What you will do — Restate word for word the lines below that run from the one holding "مظلات حديدية وخشبيه حي العينه بالرياض" through the one holding "グルーブメゾン須磨離宮【1階】の内装", inclusive. Pictures don't belong in the copy.

Given records —

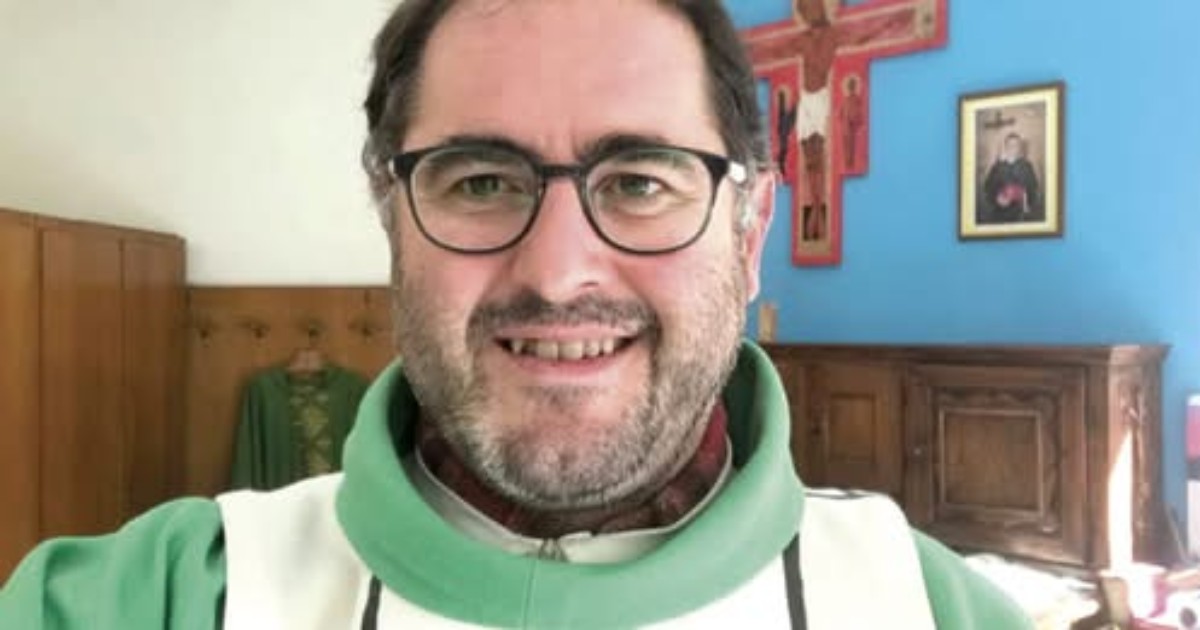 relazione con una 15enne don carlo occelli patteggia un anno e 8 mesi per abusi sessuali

==

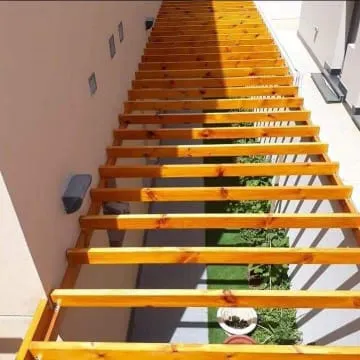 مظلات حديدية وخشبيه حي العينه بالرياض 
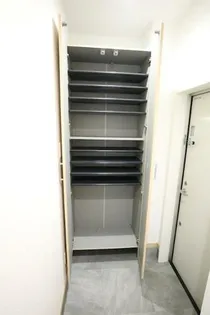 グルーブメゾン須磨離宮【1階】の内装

Written response —
 مظلات حديدية وخشبيه حي العينه بالرياض 
 グルーブメゾン須磨離宮【1階】の内装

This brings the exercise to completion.